_Goal of the exercise_. Answer with one figure only, the number of lines below in which "smartphone" occurs.
Top of Dataset extract
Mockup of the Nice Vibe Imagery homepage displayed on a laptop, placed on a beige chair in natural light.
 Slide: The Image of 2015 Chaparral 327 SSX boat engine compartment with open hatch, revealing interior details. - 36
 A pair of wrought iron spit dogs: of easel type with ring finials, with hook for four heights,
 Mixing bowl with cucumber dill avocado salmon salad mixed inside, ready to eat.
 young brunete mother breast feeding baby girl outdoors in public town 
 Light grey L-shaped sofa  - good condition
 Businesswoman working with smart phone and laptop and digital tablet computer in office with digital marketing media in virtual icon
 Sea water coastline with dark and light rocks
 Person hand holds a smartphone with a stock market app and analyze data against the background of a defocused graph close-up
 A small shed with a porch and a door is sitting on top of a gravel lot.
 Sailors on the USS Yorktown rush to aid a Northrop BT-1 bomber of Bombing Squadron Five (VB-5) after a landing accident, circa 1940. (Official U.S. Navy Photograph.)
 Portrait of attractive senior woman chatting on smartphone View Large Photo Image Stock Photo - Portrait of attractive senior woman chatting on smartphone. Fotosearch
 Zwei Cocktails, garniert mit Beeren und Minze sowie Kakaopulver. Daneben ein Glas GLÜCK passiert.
Bottom of Dataset extract
_Expected answer_. 2